WORK INSTRUCTION: Once you have read the data below, write it all out exactly.

[Collected data entries]
* * *

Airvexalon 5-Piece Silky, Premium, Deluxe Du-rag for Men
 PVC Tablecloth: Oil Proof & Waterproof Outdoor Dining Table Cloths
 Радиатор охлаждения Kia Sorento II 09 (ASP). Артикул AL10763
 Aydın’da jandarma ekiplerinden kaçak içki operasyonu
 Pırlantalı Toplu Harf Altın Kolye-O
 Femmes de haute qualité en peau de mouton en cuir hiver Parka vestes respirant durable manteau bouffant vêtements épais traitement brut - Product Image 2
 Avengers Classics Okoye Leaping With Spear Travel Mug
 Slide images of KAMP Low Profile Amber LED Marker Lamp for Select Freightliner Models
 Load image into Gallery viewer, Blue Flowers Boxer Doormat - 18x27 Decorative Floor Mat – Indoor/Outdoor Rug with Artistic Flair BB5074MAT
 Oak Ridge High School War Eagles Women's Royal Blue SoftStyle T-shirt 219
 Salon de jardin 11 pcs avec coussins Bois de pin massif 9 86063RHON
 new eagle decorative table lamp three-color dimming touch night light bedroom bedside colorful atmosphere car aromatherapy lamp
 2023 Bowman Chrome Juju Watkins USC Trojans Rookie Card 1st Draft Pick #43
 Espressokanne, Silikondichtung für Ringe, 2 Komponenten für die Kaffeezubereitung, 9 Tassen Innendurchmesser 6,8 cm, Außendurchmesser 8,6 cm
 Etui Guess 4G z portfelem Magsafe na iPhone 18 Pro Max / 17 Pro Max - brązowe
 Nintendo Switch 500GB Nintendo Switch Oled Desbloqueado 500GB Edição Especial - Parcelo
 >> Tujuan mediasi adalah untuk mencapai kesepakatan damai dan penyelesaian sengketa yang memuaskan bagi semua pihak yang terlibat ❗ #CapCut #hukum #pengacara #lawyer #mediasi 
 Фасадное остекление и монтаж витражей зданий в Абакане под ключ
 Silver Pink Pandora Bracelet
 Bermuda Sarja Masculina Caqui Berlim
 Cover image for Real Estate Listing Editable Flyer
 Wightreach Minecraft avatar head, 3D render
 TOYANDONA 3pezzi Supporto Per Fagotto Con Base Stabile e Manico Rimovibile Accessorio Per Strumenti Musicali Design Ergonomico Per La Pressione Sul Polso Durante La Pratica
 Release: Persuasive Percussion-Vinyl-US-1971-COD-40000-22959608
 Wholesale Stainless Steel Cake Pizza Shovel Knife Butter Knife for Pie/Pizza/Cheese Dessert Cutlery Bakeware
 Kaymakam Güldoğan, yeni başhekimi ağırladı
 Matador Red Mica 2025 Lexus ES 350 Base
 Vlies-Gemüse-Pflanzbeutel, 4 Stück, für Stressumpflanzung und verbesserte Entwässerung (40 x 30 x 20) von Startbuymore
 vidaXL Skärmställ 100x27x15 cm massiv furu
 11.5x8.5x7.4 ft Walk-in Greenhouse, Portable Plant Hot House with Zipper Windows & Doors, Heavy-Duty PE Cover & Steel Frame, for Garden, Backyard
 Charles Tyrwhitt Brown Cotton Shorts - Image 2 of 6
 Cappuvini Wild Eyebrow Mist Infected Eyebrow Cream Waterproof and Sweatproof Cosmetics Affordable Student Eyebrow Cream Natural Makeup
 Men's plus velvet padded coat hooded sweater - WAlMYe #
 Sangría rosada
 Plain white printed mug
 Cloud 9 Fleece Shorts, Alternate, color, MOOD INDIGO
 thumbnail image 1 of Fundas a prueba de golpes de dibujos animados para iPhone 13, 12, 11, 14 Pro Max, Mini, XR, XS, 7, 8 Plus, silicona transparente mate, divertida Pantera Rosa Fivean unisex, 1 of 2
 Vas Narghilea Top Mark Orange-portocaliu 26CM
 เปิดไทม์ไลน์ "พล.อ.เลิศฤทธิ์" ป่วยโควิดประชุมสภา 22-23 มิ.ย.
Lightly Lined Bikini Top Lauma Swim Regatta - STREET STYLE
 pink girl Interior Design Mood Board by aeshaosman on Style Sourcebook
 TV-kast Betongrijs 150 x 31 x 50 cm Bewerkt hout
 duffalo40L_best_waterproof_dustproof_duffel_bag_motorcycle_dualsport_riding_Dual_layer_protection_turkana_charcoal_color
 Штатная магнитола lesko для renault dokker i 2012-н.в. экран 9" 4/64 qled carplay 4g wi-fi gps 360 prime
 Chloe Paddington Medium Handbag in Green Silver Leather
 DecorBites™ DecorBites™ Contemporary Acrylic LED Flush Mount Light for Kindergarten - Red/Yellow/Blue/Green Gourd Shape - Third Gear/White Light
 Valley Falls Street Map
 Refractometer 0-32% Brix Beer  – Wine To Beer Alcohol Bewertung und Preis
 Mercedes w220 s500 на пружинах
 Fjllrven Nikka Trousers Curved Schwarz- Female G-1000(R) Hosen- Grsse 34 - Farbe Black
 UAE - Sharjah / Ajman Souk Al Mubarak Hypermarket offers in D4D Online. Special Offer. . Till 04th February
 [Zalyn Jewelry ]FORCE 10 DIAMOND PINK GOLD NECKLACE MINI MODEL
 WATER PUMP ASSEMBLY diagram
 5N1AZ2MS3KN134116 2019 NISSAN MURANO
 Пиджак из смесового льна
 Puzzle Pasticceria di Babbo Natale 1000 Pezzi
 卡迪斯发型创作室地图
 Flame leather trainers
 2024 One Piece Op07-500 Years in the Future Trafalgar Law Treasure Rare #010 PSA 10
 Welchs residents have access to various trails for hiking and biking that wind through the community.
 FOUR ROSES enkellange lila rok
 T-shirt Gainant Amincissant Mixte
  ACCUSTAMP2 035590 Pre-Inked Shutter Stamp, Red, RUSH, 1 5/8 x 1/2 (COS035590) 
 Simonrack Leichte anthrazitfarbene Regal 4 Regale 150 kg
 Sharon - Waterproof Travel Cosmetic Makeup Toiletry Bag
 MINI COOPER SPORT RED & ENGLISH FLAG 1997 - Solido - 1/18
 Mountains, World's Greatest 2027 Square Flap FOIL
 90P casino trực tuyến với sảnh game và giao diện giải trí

* * *

YOUR RESPONSE:
Airvexalon 5-Piece Silky, Premium, Deluxe Du-rag for Men
 PVC Tablecloth: Oil Proof & Waterproof Outdoor Dining Table Cloths
 Радиатор охлаждения Kia Sorento II 09 (ASP). Артикул AL10763
 Aydın’da jandarma ekiplerinden kaçak içki operasyonu
 Pırlantalı Toplu Harf Altın Kolye-O
 Femmes de haute qualité en peau de mouton en cuir hiver Parka vestes respirant durable manteau bouffant vêtements épais traitement brut - Product Image 2
 Avengers Classics Okoye Leaping With Spear Travel Mug
 Slide images of KAMP Low Profile Amber LED Marker Lamp for Select Freightliner Models
 Load image into Gallery viewer, Blue Flowers Boxer Doormat - 18x27 Decorative Floor Mat – Indoor/Outdoor Rug with Artistic Flair BB5074MAT
 Oak Ridge High School War Eagles Women's Royal Blue SoftStyle T-shirt 219
 Salon de jardin 11 pcs avec coussins Bois de pin massif 9 86063RHON
 new eagle decorative table lamp three-color dimming touch night light bedroom bedside colorful atmosphere car aromatherapy lamp
 2023 Bowman Chrome Juju Watkins USC Trojans Rookie Card 1st Draft Pick #43
 Espressokanne, Silikondichtung für Ringe, 2 Komponenten für die Kaffeezubereitung, 9 Tassen Innendurchmesser 6,8 cm, Außendurchmesser 8,6 cm
 Etui Guess 4G z portfelem Magsafe na iPhone 18 Pro Max / 17 Pro Max - brązowe
 Nintendo Switch 500GB Nintendo Switch Oled Desbloqueado 500GB Edição Especial - Parcelo
 >> Tujuan mediasi adalah untuk mencapai kesepakatan damai dan penyelesaian sengketa yang memuaskan bagi semua pihak yang terlibat ❗ #CapCut #hukum #pengacara #lawyer #mediasi 
 Фасадное остекление и монтаж витражей зданий в Абакане под ключ
 Silver Pink Pandora Bracelet
 Bermuda Sarja Masculina Caqui Berlim
 Cover image for Real Estate Listing Editable Flyer
 Wightreach Minecraft avatar head, 3D render
 TOYANDONA 3pezzi Supporto Per Fagotto Con Base Stabile e Manico Rimovibile Accessorio Per Strumenti Musicali Design Ergonomico Per La Pressione Sul Polso Durante La Pratica
 Release: Persuasive Percussion-Vinyl-US-1971-COD-40000-22959608
 Wholesale Stainless Steel Cake Pizza Shovel Knife Butter Knife for Pie/Pizza/Cheese Dessert Cutlery Bakeware
 Kaymakam Güldoğan, yeni başhekimi ağırladı
 Matador Red Mica 2025 Lexus ES 350 Base
 Vlies-Gemüse-Pflanzbeutel, 4 Stück, für Stressumpflanzung und verbesserte Entwässerung (40 x 30 x 20) von Startbuymore
 vidaXL Skärmställ 100x27x15 cm massiv furu
 11.5x8.5x7.4 ft Walk-in Greenhouse, Portable Plant Hot House with Zipper Windows & Doors, Heavy-Duty PE Cover & Steel Frame, for Garden, Backyard
 Charles Tyrwhitt Brown Cotton Shorts - Image 2 of 6
 Cappuvini Wild Eyebrow Mist Infected Eyebrow Cream Waterproof and Sweatproof Cosmetics Affordable Student Eyebrow Cream Natural Makeup
 Men's plus velvet padded coat hooded sweater - WAlMYe #
 Sangría rosada
 Plain white printed mug
 Cloud 9 Fleece Shorts, Alternate, color, MOOD INDIGO
 thumbnail image 1 of Fundas a prueba de golpes de dibujos animados para iPhone 13, 12, 11, 14 Pro Max, Mini, XR, XS, 7, 8 Plus, silicona transparente mate, divertida Pantera Rosa Fivean unisex, 1 of 2
 Vas Narghilea Top Mark Orange-portocaliu 26CM
 เปิดไทม์ไลน์ "พล.อ.เลิศฤทธิ์" ป่วยโควิดประชุมสภา 22-23 มิ.ย.
Lightly Lined Bikini Top Lauma Swim Regatta - STREET STYLE
 pink girl Interior Design Mood Board by aeshaosman on Style Sourcebook
 TV-kast Betongrijs 150 x 31 x 50 cm Bewerkt hout
 duffalo40L_best_waterproof_dustproof_duffel_bag_motorcycle_dualsport_riding_Dual_layer_protection_turkana_charcoal_color
 Штатная магнитола lesko для renault dokker i 2012-н.в. экран 9" 4/64 qled carplay 4g wi-fi gps 360 prime
 Chloe Paddington Medium Handbag in Green Silver Leather
 DecorBites™ DecorBites™ Contemporary Acrylic LED Flush Mount Light for Kindergarten - Red/Yellow/Blue/Green Gourd Shape - Third Gear/White Light
 Valley Falls Street Map
 Refractometer 0-32% Brix Beer  – Wine To Beer Alcohol Bewertung und Preis
 Mercedes w220 s500 на пружинах
 Fjllrven Nikka Trousers Curved Schwarz- Female G-1000(R) Hosen- Grsse 34 - Farbe Black
 UAE - Sharjah / Ajman Souk Al Mubarak Hypermarket offers in D4D Online. Special Offer. . Till 04th February
 [Zalyn Jewelry ]FORCE 10 DIAMOND PINK GOLD NECKLACE MINI MODEL
 WATER PUMP ASSEMBLY diagram
 5N1AZ2MS3KN134116 2019 NISSAN MURANO
 Пиджак из смесового льна
 Puzzle Pasticceria di Babbo Natale 1000 Pezzi
 卡迪斯发型创作室地图
 Flame leather trainers
 2024 One Piece Op07-500 Years in the Future Trafalgar Law Treasure Rare #010 PSA 10
 Welchs residents have access to various trails for hiking and biking that wind through the community.
 FOUR ROSES enkellange lila rok
 T-shirt Gainant Amincissant Mixte
  ACCUSTAMP2 035590 Pre-Inked Shutter Stamp, Red, RUSH, 1 5/8 x 1/2 (COS035590) 
 Simonrack Leichte anthrazitfarbene Regal 4 Regale 150 kg
 Sharon - Waterproof Travel Cosmetic Makeup Toiletry Bag
 MINI COOPER SPORT RED & ENGLISH FLAG 1997 - Solido - 1/18
 Mountains, World's Greatest 2027 Square Flap FOIL
 90P casino trực tuyến với sảnh game và giao diện giải trí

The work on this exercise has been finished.